野生型ヒトｔ−PAアミノ酸配列の296から302番目または274から277番目のアミノ酸領域内で、299番目の位置のアルギニンをアスパラギン酸に置換する以外の変更によってフィブリン特異性を向上させる請求項18に記載変異体。
該変更が野生型ヒトｔ−PAアミノ酸配列の296から300番目の領域内である請求項19に記載の変異体。
該変更が野生型ヒトｔ−PAアミノ酸配列の296、297、298および299番目の位置の一カ所またはそれ以上の箇所である請求項20に記載の変異体。
該変更が野生型ヒトｔ−PAアミノ酸配列の296、297、298および299番目の位置のリジン、ヒスチジン、アルギニン、アルギニンの各アミノ酸からアラニンへの置換である請求項21に記載の変異体。
野生型ヒトｔ−PAアミノ酸配列の103番目の位置にAsn−Ｘ−SerまたはAsn−Ｘ−Thrのトリペプチド配列の一部としてアスパラギンを有し、117番目の位置にアスパラギン以外のアミノ酸を有する請求項19に記載の変異体。
野生型ヒトｔ−PAアミノ酸配列の103番目の位置にアスパラギン、104番目の位置にトリプトファン、105番目の位置にセリンおよび117番目の位置にグルタミンを有する請求項23に記載の変異体。
野生型ヒトｔ−PAアミノ酸配列の105番目の位置にAsn−Ｘ−SerおよびAsn−Ｘ−Thrのトリペプチド配列の一部としてアスパラギンを有し、117番目の位置にアスパラギン以外のアミノ酸を有する請求項19に記載の変異体。
野生型ヒトｔ−PAアミノ酸配列の105番目の位置にアスパラギン、106番目の位置にスレオニン、107番目の位置にセリンおよび117番目の位置にグルタミンを有する請求項25に記載の変異体。
次の変異を含むヒトｔ−PA変異体からなる群により選択される請求項１に記載の変異体:T103N,N117Z;S105N,A107S,N117Z;T103N,N117Z,K296A,H297A,R298A,R299A;S105N,A107S,N117Z,K296A,H297A,R298A,R299A;T103N,N117Z,R298E,R299E;S105N,A107S,N117Z,R298E,R299E;T103N,N117Z,K296Q,H297N,P301S;S105N,A107S,N117Z,R296Q,H297N,P301S;T103N,N117Z,F274L,R275H,I276S,K277T;S105,A107S,N117Z,F274L,R275H,276S,K277T。（ここに、Ｚはアスパラギン（Ｎ）以外のどのアミノ酸でもよい）。
請求項１に記載の変異体をコードするDNA。
請求項28に記載のDNA配列を含み、適当な宿主細胞にてそれを発現できる複製可能な発現ベクター。
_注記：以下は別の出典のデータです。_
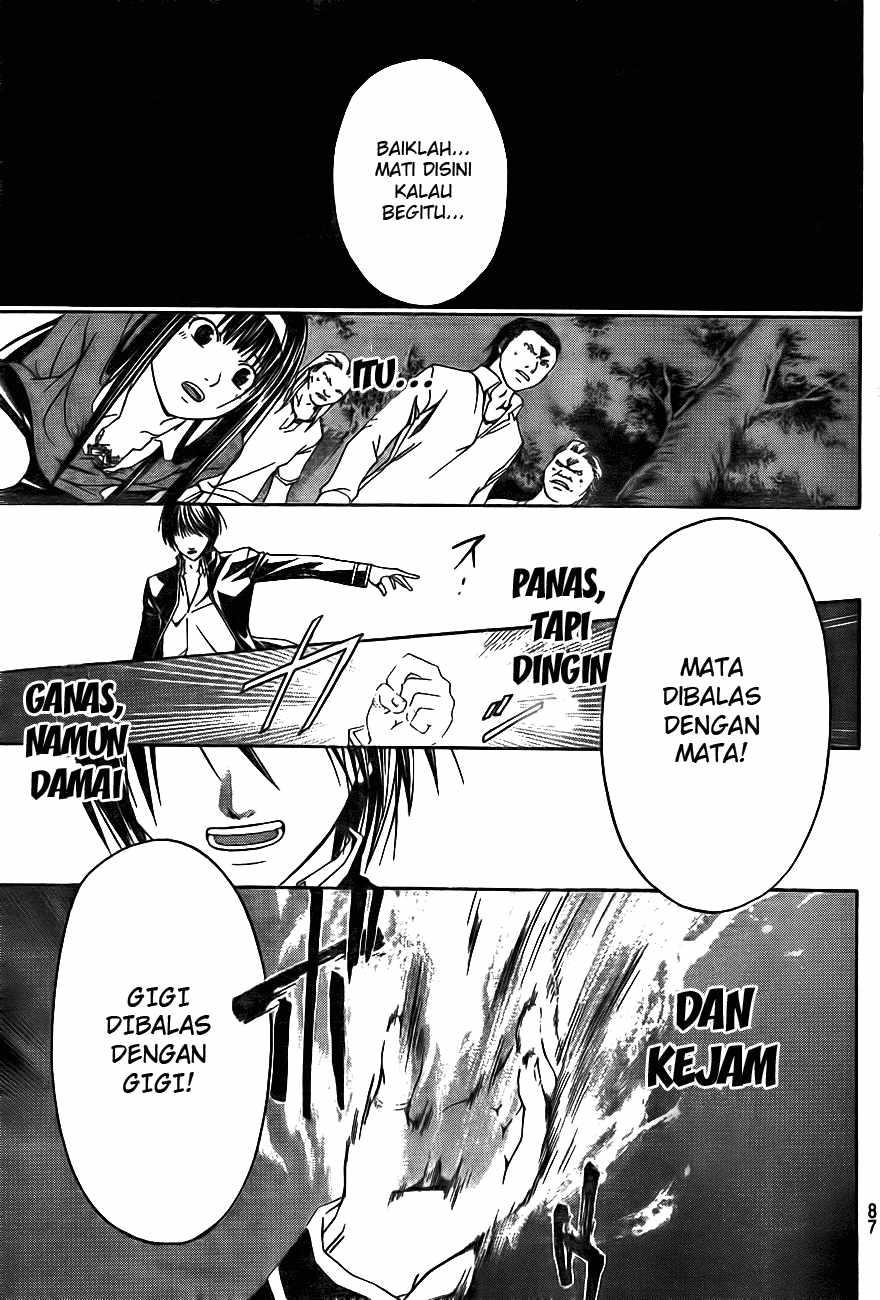 Code: Breaker Chapter 1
請求項29に記載のベクターによって形質転換されている宿主細胞。
請求項30に記載の宿主細胞を培養することを特徴とする、ｔ−PA変異体をコードするDNAを発現するための方法。
宿主細胞の培養から変異体を回収する工程をさらに含む請求項31に記載の方法。
製薬的に許容し得る担体と混合した治療的有効量の請求項１に記載の変異体を含有する血管の病気や疾患のための組成物。
製薬的に許容し得る担体と混合した治療的有効量の請求項１に記載の変異体を含有するフィブリン沈着または癒着形成や再形成を予防するための組成物。
117番目の位置のアミノ酸における機能的な炭水化物構造を除去することを特徴とする、103番目又は105番目のアミノ酸のグリコシル化の結果として減少した野生型ヒトｔ−PAのフィブリン結合親和性を実施的に回復させる方法。